Yes it's at the toe. I have only worn them one to two dozen times, mostly indoors with the usual wear and tear.

I suspected it must have been the poor leather. It's just that I have never seen this before even with cheap leather shoes that I wear around the cottage/beach/trails.

Thanks.


----------



## Grenadier (Dec 24, 2008)

You need to step up in quality to at least Allen Edmonds. Anything lesser-made than that is just such crap these days.


----------



## tda003 (Aug 16, 2009)

I suspect that they are embossed reconstituted leather, the shoe leather version of "parts" in fast food restaurants. You can glue and polish over, but this will continue and if they get wet... I'd toss them and try for a reputable brand. With proper care, a good pair of shoes can be a lifetime investment. Aldens has "seconds" from time to time (there is a post or two somewhere here), which, although still somewhat expensive, is much less than there unblemished "firsts" and will NOT fall apart even after a dozen or two yearsif properly cared for. I've had some for longer than that and they still look good, which makes them a thrifty investment - less than $10/year.


----------



## Barrister & Solicitor (Jan 10, 2007)

Unfortunately for Pteryus, in Ottawa Allen Edmonds are probably only available at Harry Rosen's and Aldens probably cannot be found.


----------



## Andy (Aug 25, 2002)

Barrister & Solicitor said:


> Unfortunately for Pteryus, in Ottawa Allen Edmonds are probably only available at Harry Rosen's and Aldens probably cannot be found.
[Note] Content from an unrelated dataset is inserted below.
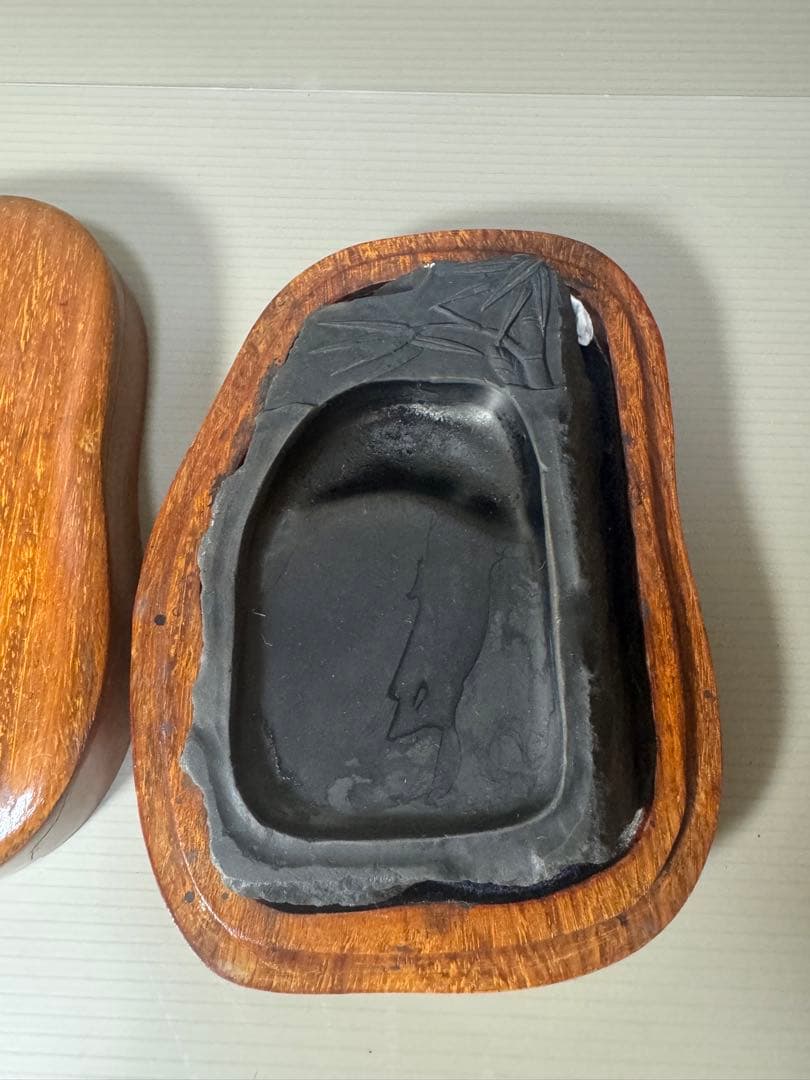 2099 古硯 端渓硯 竹彫 共箱 書道具 文房四宝 唐物 中国美術 - メルカリ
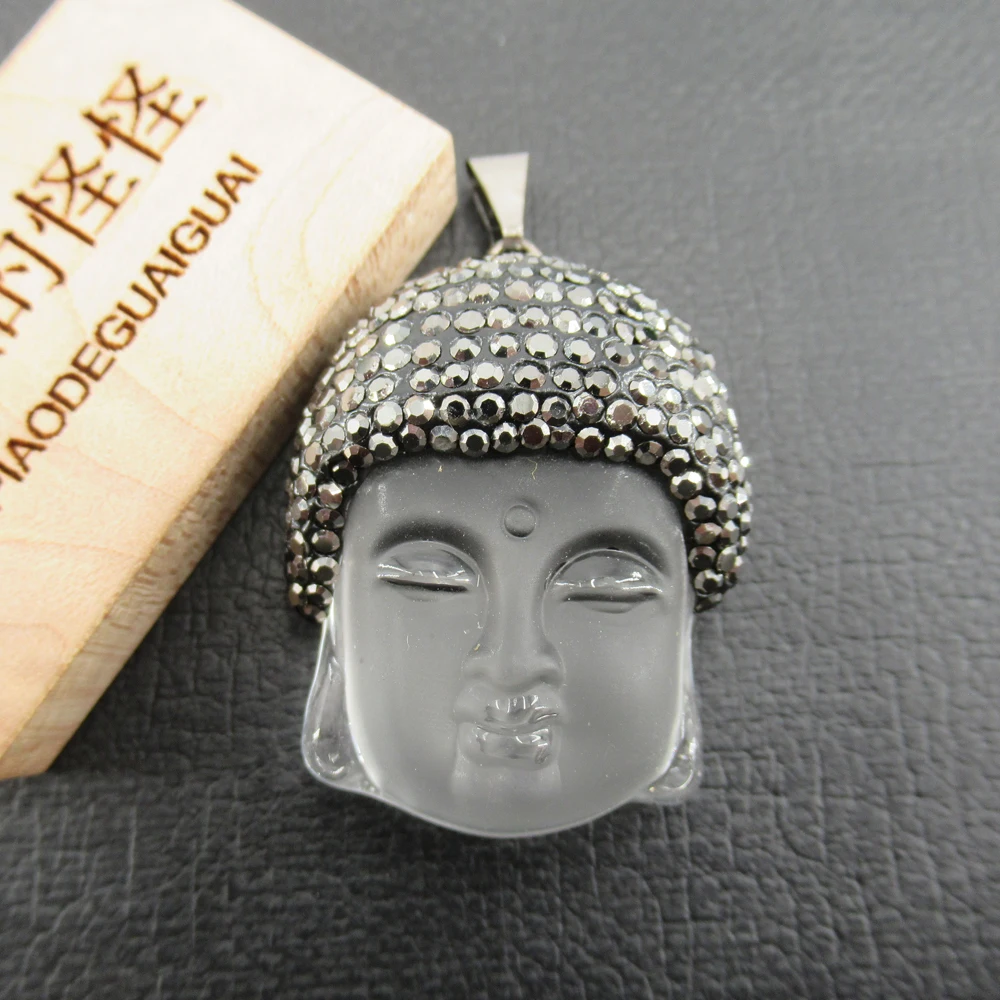 APDGG 25x35 mm Vjerski Prirodni Zeleni Kvarc navoj na glavi Buddha Crna Gorski kristal Utrti Privjesci ogrlica privjesak Nakit je DIY Slika  5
Thank goodness (and AskAndy) that he can get them online from the merchants including Allen Edmonds on these pages:

*Andy's Product Reviews*
*Andy's Selected Merchants*


----------



## CAG (Jun 27, 2010)

Grenadier said:


> You need to step up in quality to at least Allen Edmonds. Anything lesser-made than that is just such crap these days.


You don't need to spend $300 on a pair of shoes to expect the leather to not peel in 3 months.


----------



## pteryus (Sep 12, 2011)

Thanks all.

B&S you are right I've only seen AEs at Harry Rosen here. The Holt Renfrew here is very tiny and doesn't carry all that much. Fortunately it's not a far drive to Montreal.


----------



## Barrister & Solicitor (Jan 10, 2007)

Pteryus, AEs are overpriced in Canada. There's an independent shoe store in my office building and I suspect they sell non-shell cordovan AEs for about $500.

You're better to buy in the US or if you know your size, directly from the "Shoe Bank".


----------



## Petrus (Sep 17, 2011)

pteryus said:


> Hi all.
> 
> Long time lurker. Still a newbie so question may be half-retarded and I couldn't find this in the archives.
> 
> ...


That shoe is like the difference between solid wood and particle board. It does look like it was made from some manufactured compressed leather scrap "product"
You don't have to buy $300 AE to get a good shoe and in fact even Cole Haan makes excellent shoes, but these shoes are downright nasty.


----------